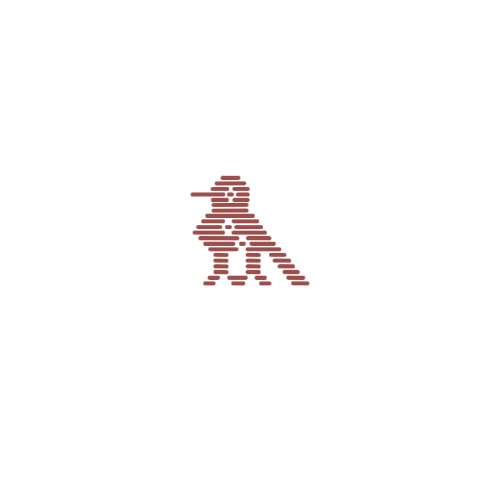 Taco Bar | restaurant | 7700 S Northshore Dr, Knoxville, TN 37919, USA | 8654159271 OR +1 865-415-9271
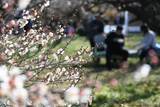「神奈川、4月並みの陽気　小田原で18.8度、白梅咲く梅まつりにぎわう」の画像1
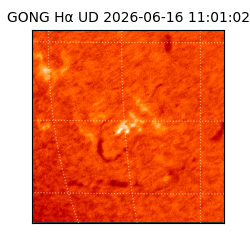 gong - 2026-06-16T11:01:02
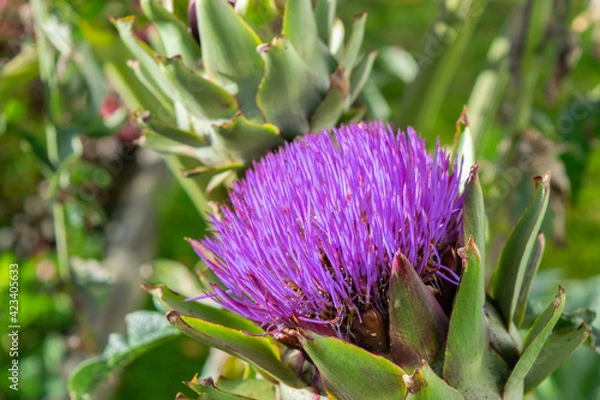 Obraz Purple artichoke flower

== TASK REQUIREMENTS ==
Everything above should be given again exactly, apart from the pictures.

== EXPECTED ANSWER ==
 Taco Bar | restaurant | 7700 S Northshore Dr, Knoxville, TN 37919, USA | 8654159271 OR +1 865-415-9271
「神奈川、4月並みの陽気　小田原で18.8度、白梅咲く梅まつりにぎわう」の画像1
 gong - 2026-06-16T11:01:02
 Obraz Purple artichoke flower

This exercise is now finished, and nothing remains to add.